Your task is to repeat the entries below exactly and to leave their images out.

____ Input data

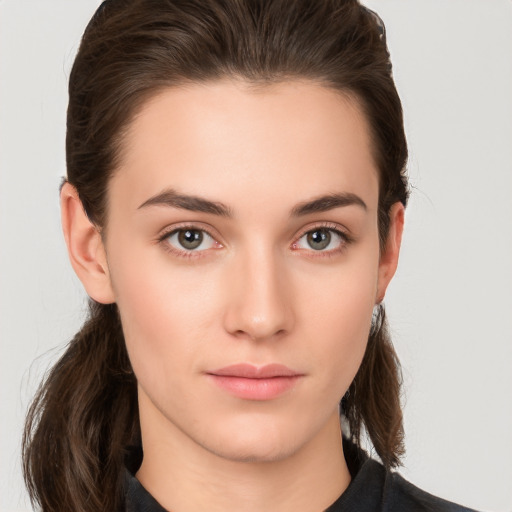 Neutral white young-adult female with medium  brown hair and brown eyes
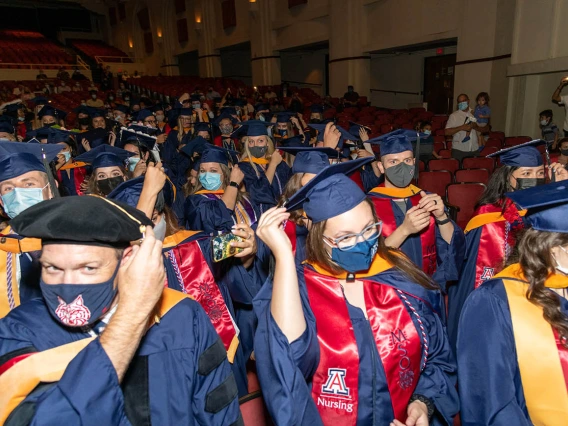 Graduates turn their tassels at the conclusion of the  August commencement at Centennial Hall.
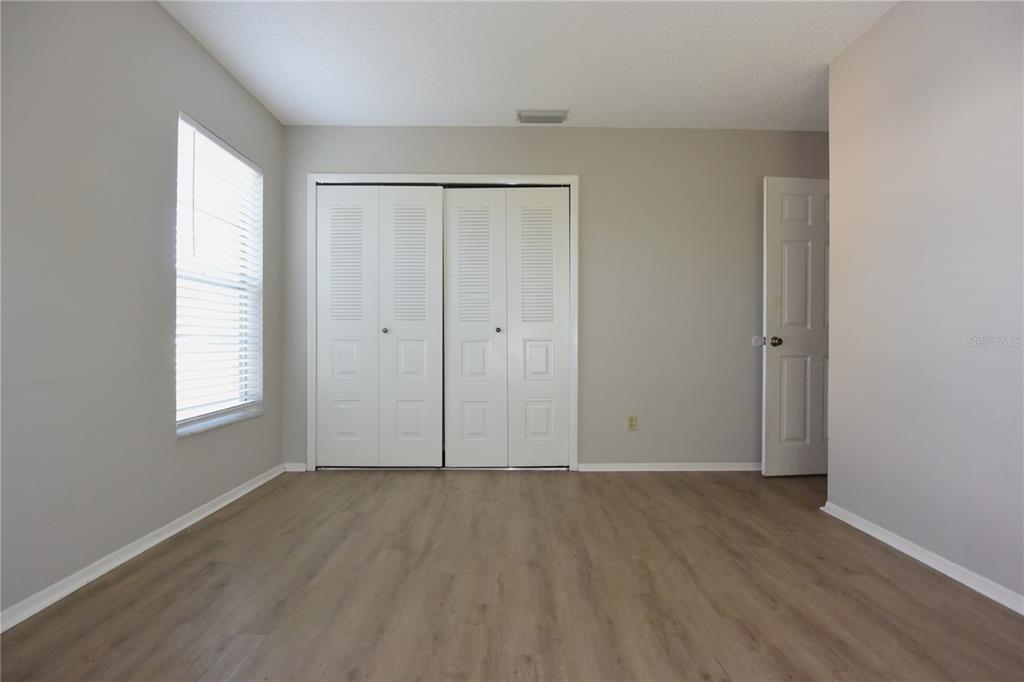 11341 Timbercrest Road Spring Hill, FL 34608 - Photo 24 of 35 an empty room with wooden floor and windows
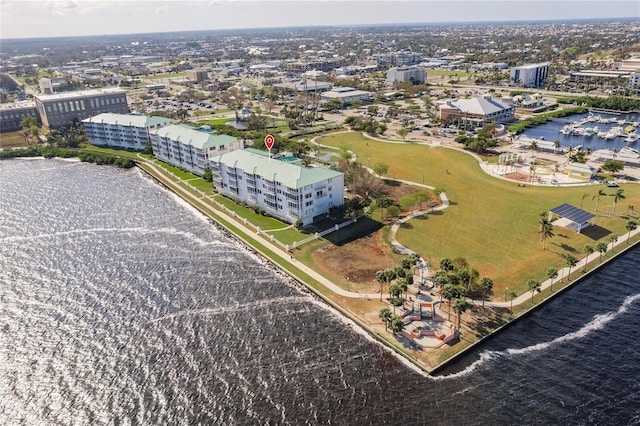drone / aerial view featuring a city view and a water view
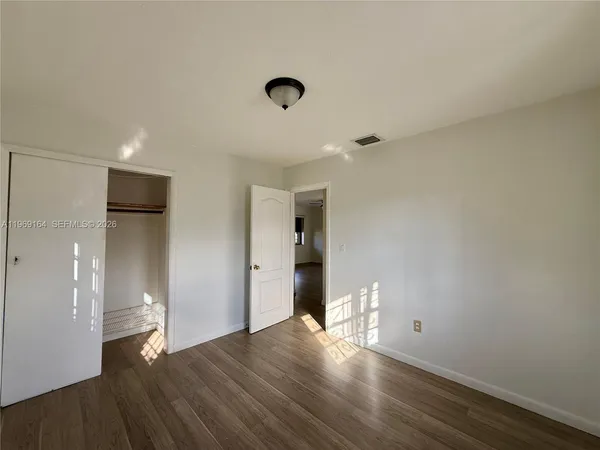 a view of empty room with wooden floor and fan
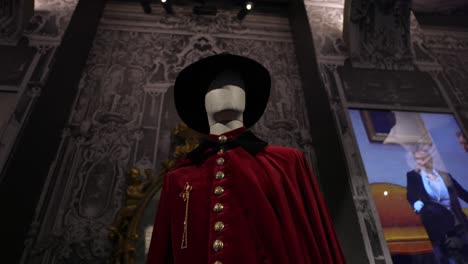 historical red cape and hat on mannequin in museum exhibition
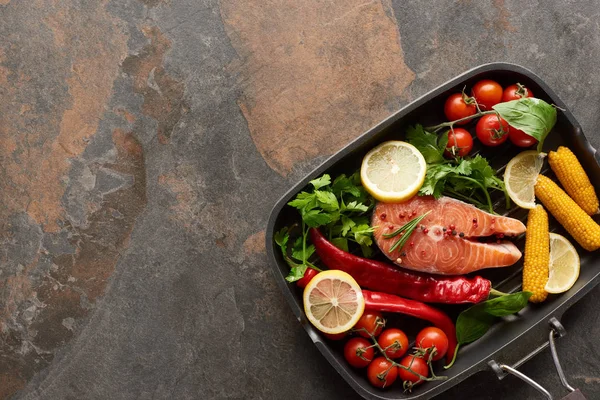 Vista superior del salmón sin cocer con verduras, limón y hierbas en la sartén - foto de stock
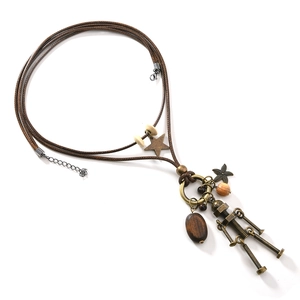 Retro punk robot pendant necklace with bronze stars and wooden beads on brown cord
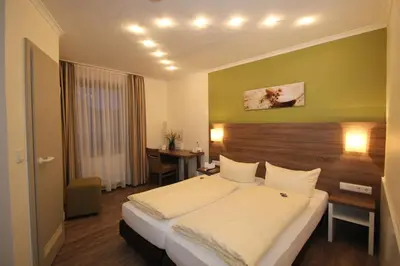 Ein Bett oder Betten in einem Zimmer der Unterkunft Gasthof Weißes Roß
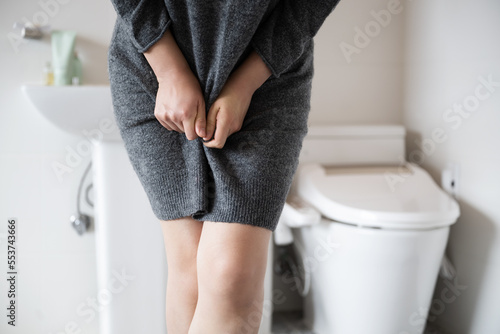 A woman wearing knitwear is complaining of pain from urinary incontinence in front of the toilet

________

**Reply to the exercise**
 Neutral white young-adult female with medium  brown hair and brown eyes
 Graduates turn their tassels at the conclusion of the  August commencement at Centennial Hall.
 11341 Timbercrest Road Spring Hill, FL 34608 - Photo 24 of 35 an empty room with wooden floor and windows
drone / aerial view featuring a city view and a water view
 a view of empty room with wooden floor and fan
 historical red cape and hat on mannequin in museum exhibition
 Vista superior del salmón sin cocer con verduras, limón y hierbas en la sartén - foto de stock
 Retro punk robot pendant necklace with bronze stars and wooden beads on brown cord
 Ein Bett oder Betten in einem Zimmer der Unterkunft Gasthof Weißes Roß
 A woman wearing knitwear is complaining of pain from urinary incontinence in front of the toilet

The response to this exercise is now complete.